━━━━━ Recorded information

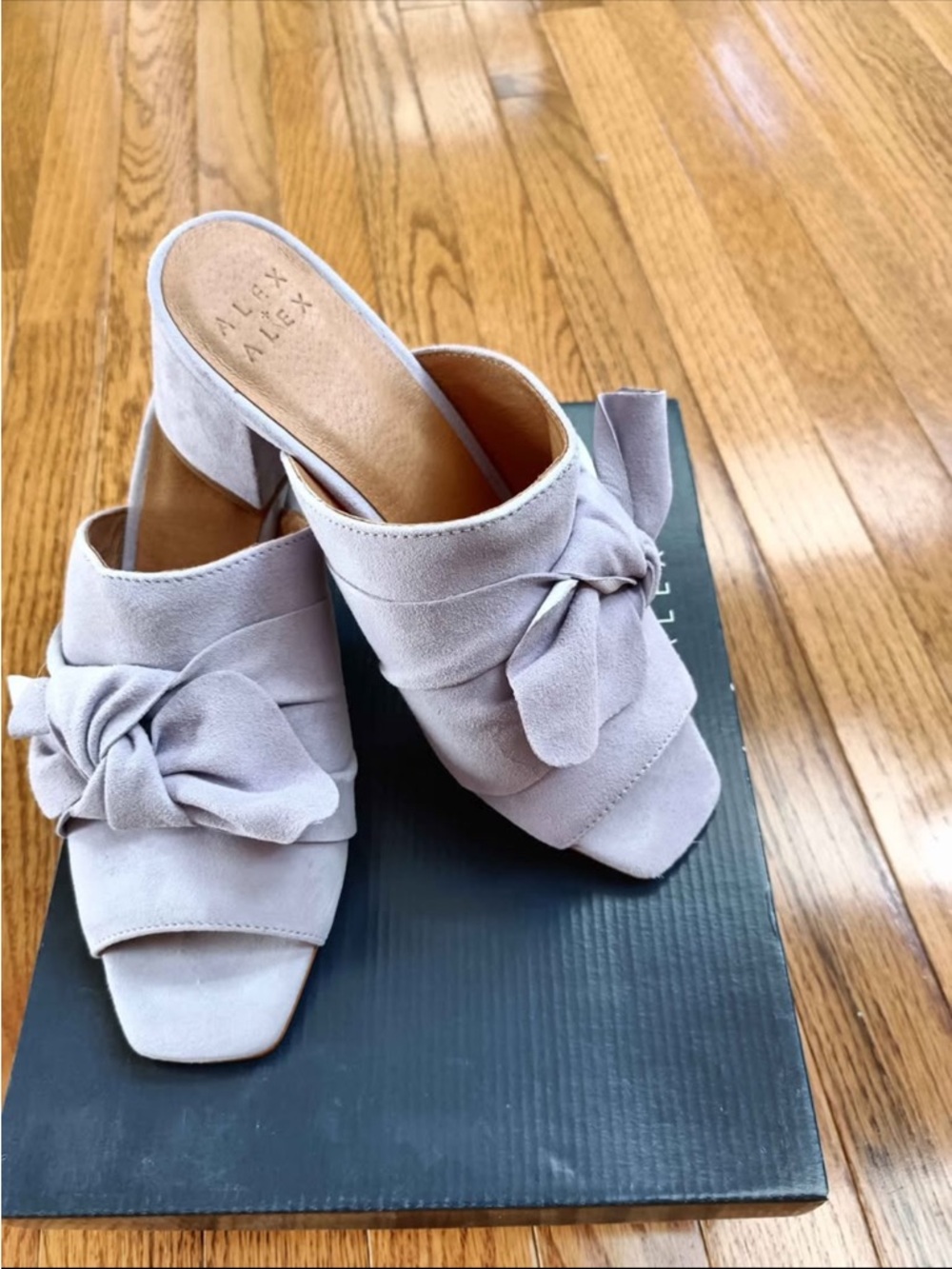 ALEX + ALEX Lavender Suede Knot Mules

━━━━━━━━━━
━━━━━ Recorded information

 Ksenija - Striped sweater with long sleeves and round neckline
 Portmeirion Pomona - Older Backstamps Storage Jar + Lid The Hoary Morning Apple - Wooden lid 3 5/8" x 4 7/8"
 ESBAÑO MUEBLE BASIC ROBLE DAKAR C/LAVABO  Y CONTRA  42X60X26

━━━━━━━━━━

- [Work item]:
The entries above hold the needed span. Transcribe exactly the lines from the one with "Ksenija - Striped" to the one with "ESBAÑO MUEBLE BASIC", both included.

- [Expected output]:
 Ksenija - Striped sweater with long sleeves and round neckline
 Portmeirion Pomona - Older Backstamps Storage Jar + Lid The Hoary Morning Apple - Wooden lid 3 5/8" x 4 7/8"
 ESBAÑO MUEBLE BASIC ROBLE DAKAR C/LAVABO  Y CONTRA  42X60X26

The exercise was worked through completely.